5. Schedule Regular Veterinary Visits
If your horse receives veterinary attention only when something is wrong, you could be putting his long-term health at risk. “So many problems of younger and older horses are easy to manage when caught early,” says Magnus. “But they are also very easy for an owner to miss until they’ve progressed to the point where the horse is obviously ill or in pain.” He recommends annual exams for all horses, including recording of vital signs, a lameness test, dental checkup and fecal egg count. In addition, his clinic offers a specialized “geriatric” wellness program for horses over the age of 15, which includes a complete blood screening to look for elevated enzyme levels that can indicate kidney or liver dysfunction. At-risk horses are also given a test for Cushing’s syndrome and X-rays are taken of their front hooves to look for laminitic changes.
However, says Magnus, the most valuable part of the exam is just seeing the horse. “If I only see a horse every two or three years, it’s highly unlikely I’m going to notice the earliest signs of a disease. But if I get to look at a horse once or twice a year, I’m much more likely to catch something early. It’s the same as people who only go to a doctor once every 10 years–they could be in for a shock when they finally do go.”

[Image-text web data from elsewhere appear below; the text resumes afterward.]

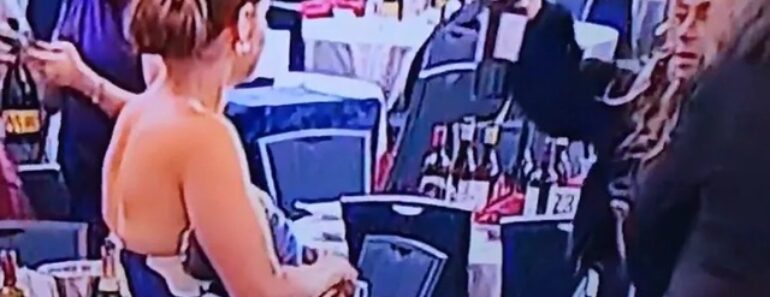 O Pós-Tiroteio Na Gala De Imprensa Nos EUA: Houve Quem “Roubasse” Vinho O Pós-Tiroteio Na Gala De Imprensa Nos EUA: Houve Quem “Roubasse” Vinho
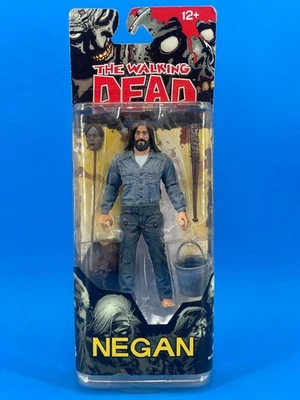 Figura de acción NEGAN The Walking Dead Comic Book serie 5 - McFarlane Toys - NUEVO Foto 1 de 2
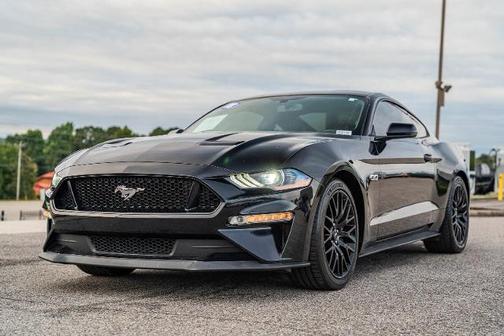 2018 Ford Mustang GT PREMIUM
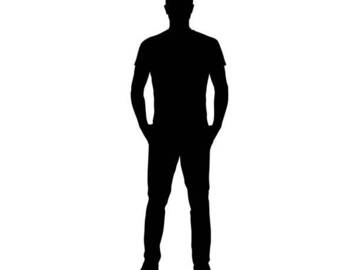 Selling: My guy reading 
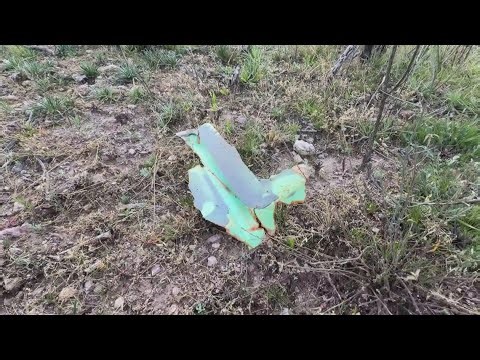 A look at the site of a deadly helicopter crash near Superior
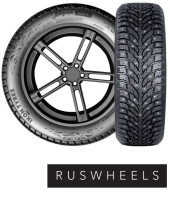 Шины Ikon 255/40 r19 Autograph Ice 9 100T Шипы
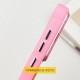 TPU+PC чохол Friends для Xiaomi Redmi 14C / Poco C75 Pink Dog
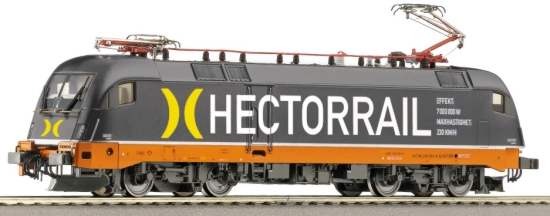 Electric Locomotive Series 242 Hectorrail<br /><a href='images/pictures/Roco/72450.jpg' target='_blank'>Full size image</a>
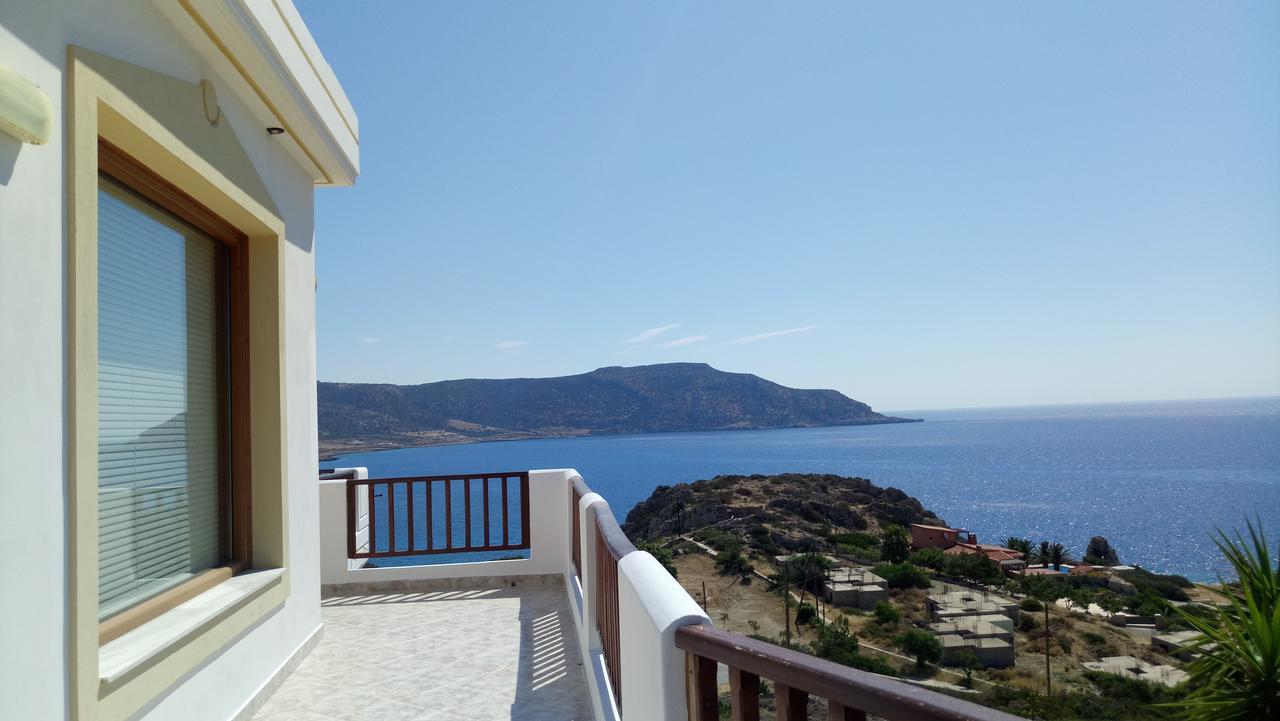Olympos Studios Амоопи Екстериор снимка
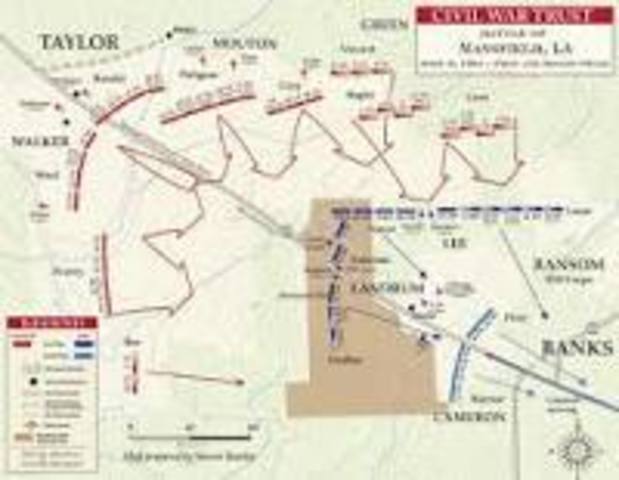 The Battle of Mansfield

Magnus adds that regular exams also help foster a relationship between clients and veterinarians, which can lead to better care for the horse. “The more I know about owners and their situations, the better equipped I am to help them make decisions regarding their animals’ care. Communication between people is an important part of caring for horses.”
Brosnahan also recommends routine veterinary visits for all horses and more regular exams as a horse ages. “I really encourage owners of older horses to have their veterinarian visit twice a year–just because,” she says. “When I see an older horse, I’ll do a general physical exam and talk about diet, management and any other concerns that may come up.” It may be practical to arrange such visits to coincide with spring or fall vaccinations, but don’t expect your veterinarian to simply make the time to examine an older horse–schedule an appointment specifically for a physical exam and consultation so no one feels rushed. Also consider making a list of concerns and questions before the visit so nothing slips your mind.
Overall, the routine management needs of older horses are pretty similar to those of younger animals. The one key difference, perhaps, is that consistency in care becomes increasingly important as the years pass–the older a horse becomes, the less able he will be to recover from illness, injury or parasite infestation. Your best insurance policy, then, is vigilance in seeing to your horse’s basic needs even when all seems to be going well. The benefits of this approach might not be immediately obvious, but they will become evident with every passing year your horse enjoys. You’ll certainly be glad that you took the time and made the effort.